We perceive everything changing because a static universe is inconceivable, but we also see hints of one such as Mach's Conjecture because the only thing we can ultimately know is that we know nothing. Mother nature's sense of humor is every bit as wicked as she can be beautiful. This also explains things such as why its impossible to achieve a perfect vacuum, the speed of light, etc. as all merely the fact a context without any significant content and vice versa is simply a contradiction.
Its "speed" is simply a measurement of one change or motion against another change or motion.
The first man to make an appointment invented timekeeping. All the ancient civilisations had some kind of timekeeping. As those civilisations became more sophisticated in terms of needing meetings, arranging events, and travelling, timekeeping became more accurate. The monastic orders that arose from Christianity, in Europe particularly, increased the demand for yet more exact timekeeping leading to the first clocks.
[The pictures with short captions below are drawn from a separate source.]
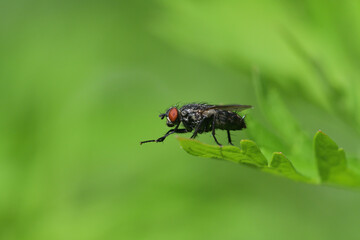 The wild flesh fly sits on a blade of green grass and rubs its front legs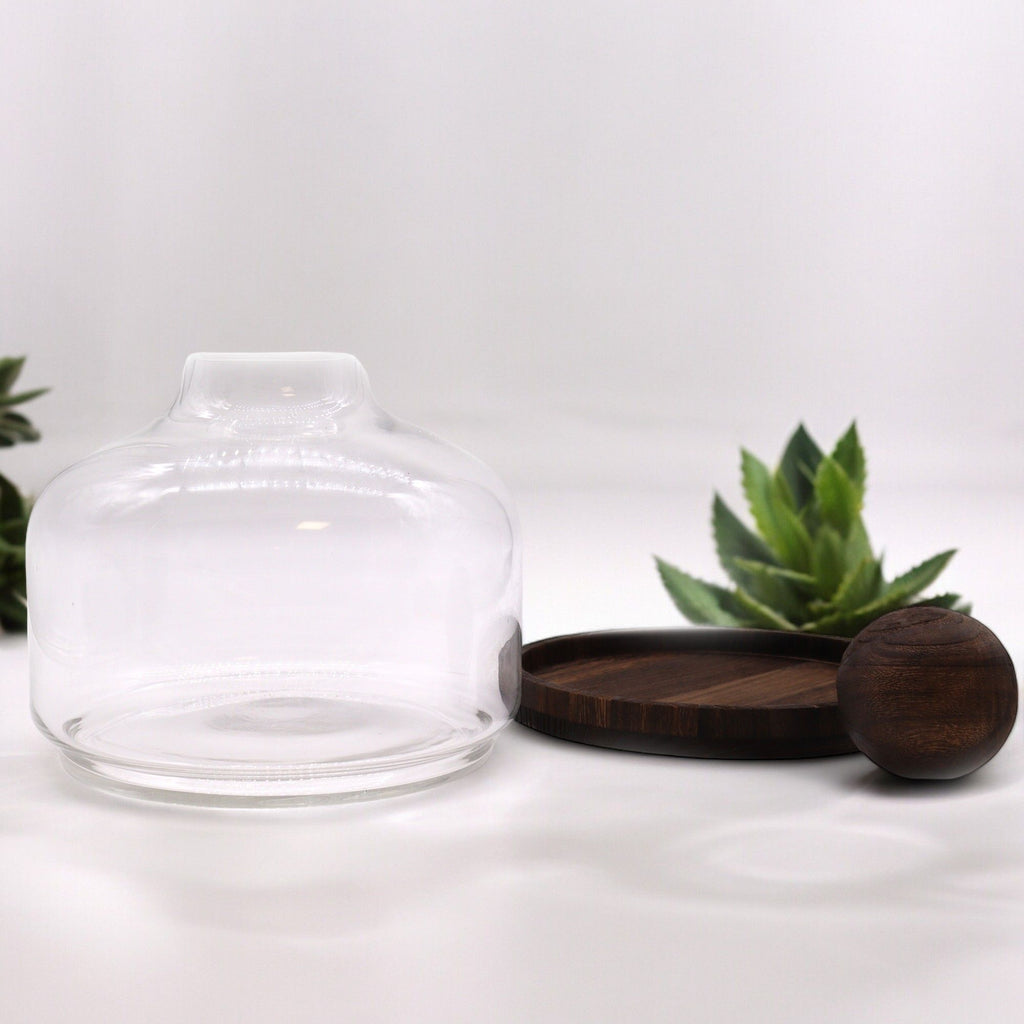Ex-Large Ball Top Terrarium on Dark Tung Wood product image 4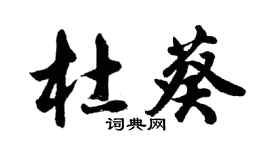 胡问遂杜葵行书个性签名怎么写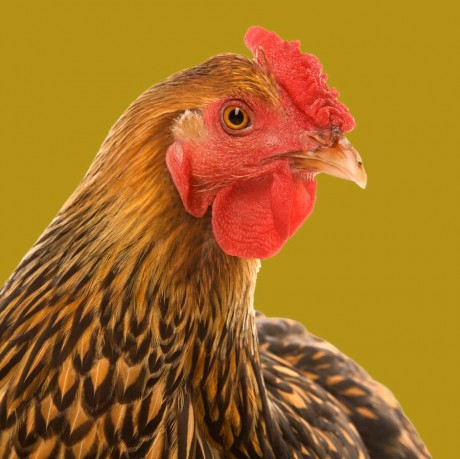 North Carolina braces for avian flu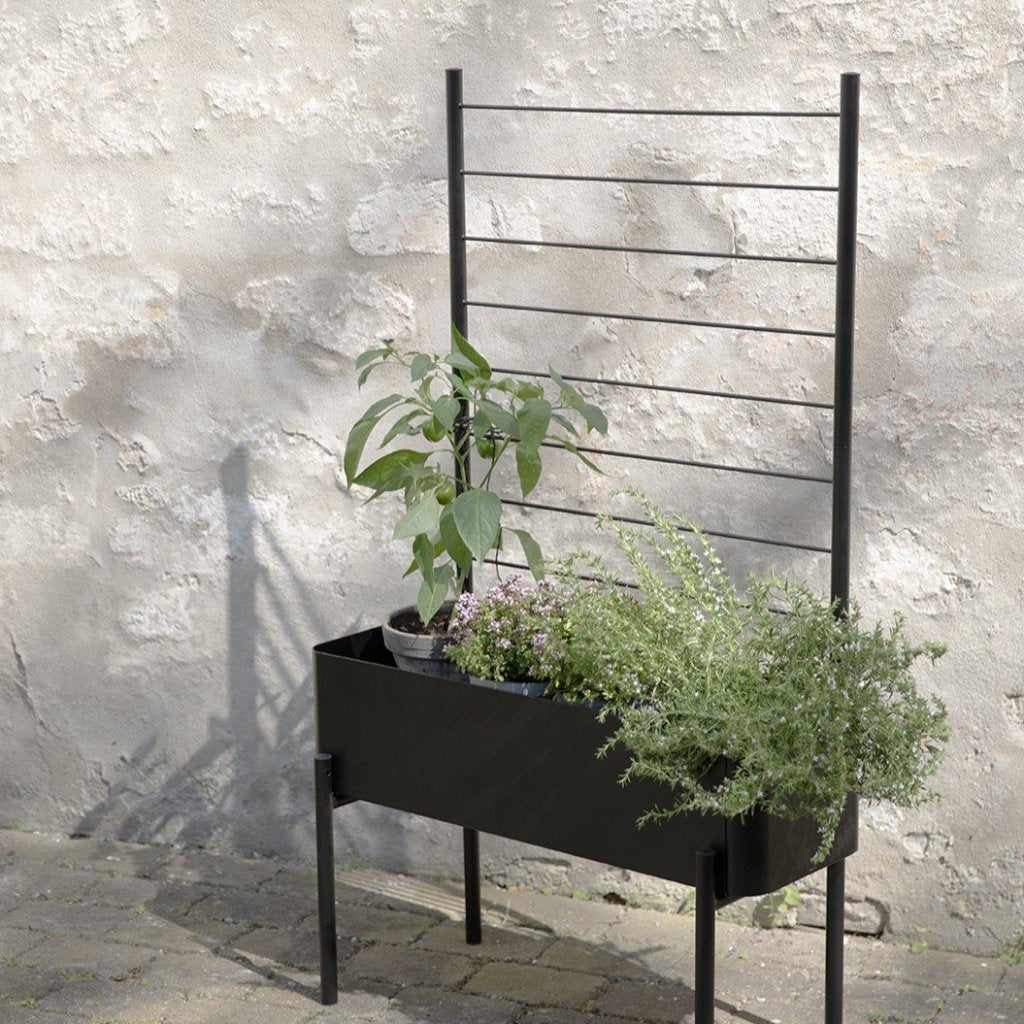 Eva Solo Stöd för växter SIMPLY GROW 70 x 102 cm, svart, stål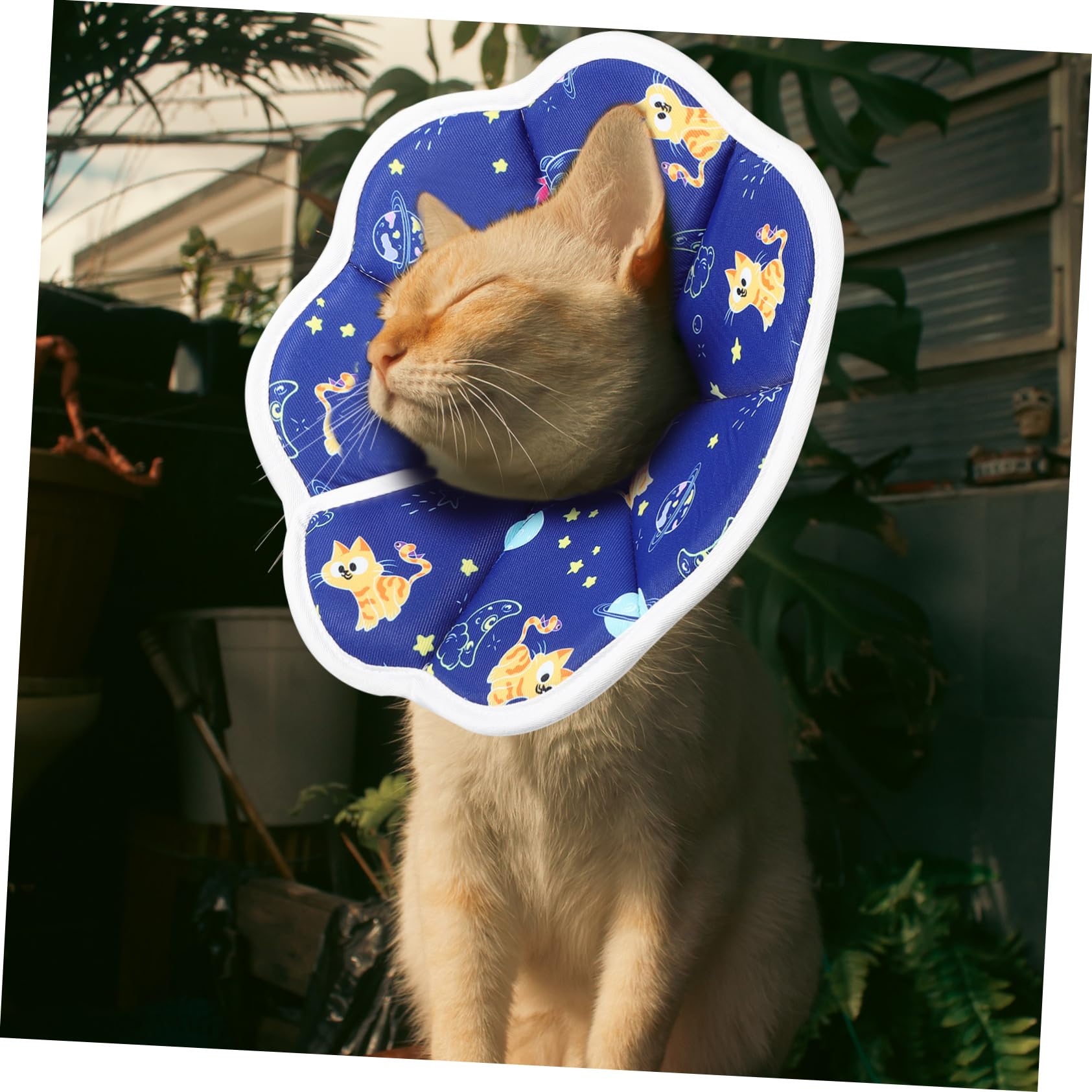 INOOMP 5stücke Kitten Cone Alternative Faltbarer Wasserdichter Cat Collar Für Katzen Und Kätzchen Schützt Vor Lecken Und Wunden Nach Operationen Und Verletzungen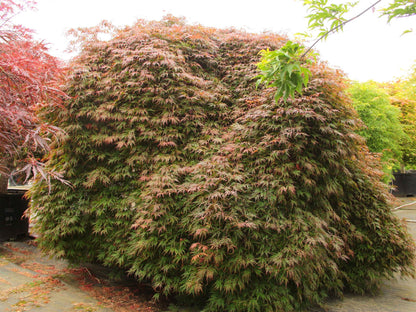 Acer palmatum Orangeola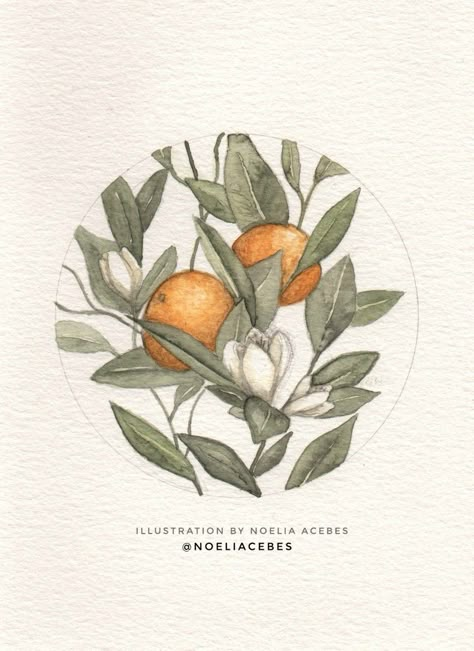 Botanical Watercolor Illustration, Watercolor Botanical Art, Botanical Art Watercolors, Painting Process Step By Step, Orange Tree Art, Oranges Illustration, Watercolor Botanical Flowers, Oranges Watercolor, Orange Drawing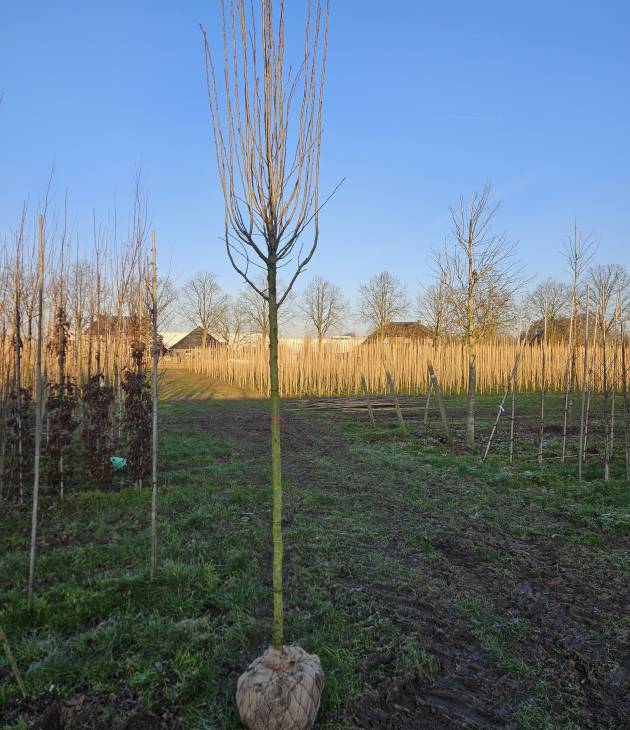 Zuilvormige meidoorn boom Kwekerij Kwint
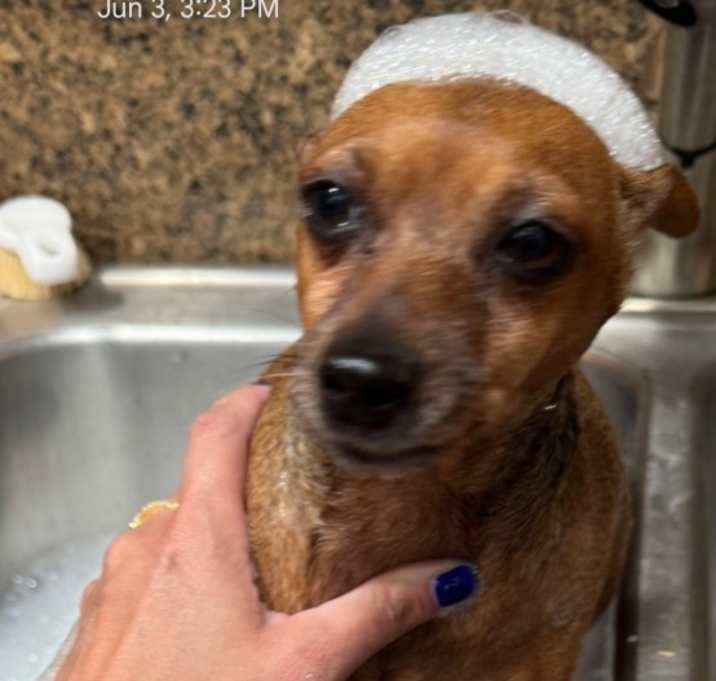 Photo of Bruiser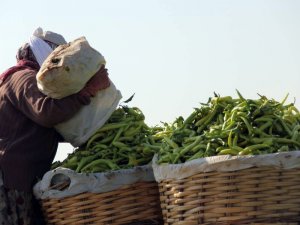 Martta Zam Şampiyonu Sivri Biber Oldu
Time keeping was needed by farmers to know when to plant crops. It was a matter of keeping track of the days with astrological charts, monuments on the ground, and things like that. The day was divided by morning, noon, and evening. Then the day was divided into hours with the sundial.
But I wonder if they thought that each new day is a new day or as the same day restarting all over, same chores, (milk the cow, pitch the hay, plant, hoe...) with nothing new....time as the cycle/rhythm of life, and the monuments marking the return of something already started rather than the forward progression of time? Maybe it became progressive once trading with others became normalized.
Over half the world doesn't perceive time as linear as westerners do. It is more organic and there are times when time behaves more like it has a life of its own. This is something tribal hippies experience frequently, but few other westerners. It is the greater context determining its own content or what can appear to be synergy normalizing itself. The future can be viewed as both static juxtapositions and flow dynamics or bandwidth capacity that increases and decreases in different ways including metamorphic effects.
Constructal Theory by Adrian Bejan is closer to the issue by western philosophical standards and has been proposed as an amendment to the second law of thermodynamics.
Seasons and other variations such as the position of stars and phases of the moon make that extremely unlikely, I would have thought.
Though possibly not far out enough!
Any chance we could get a moratorium on you invoking quantum mechanics (which you clearly don't understand) in ways that make no sense and do not advance your argument a jot?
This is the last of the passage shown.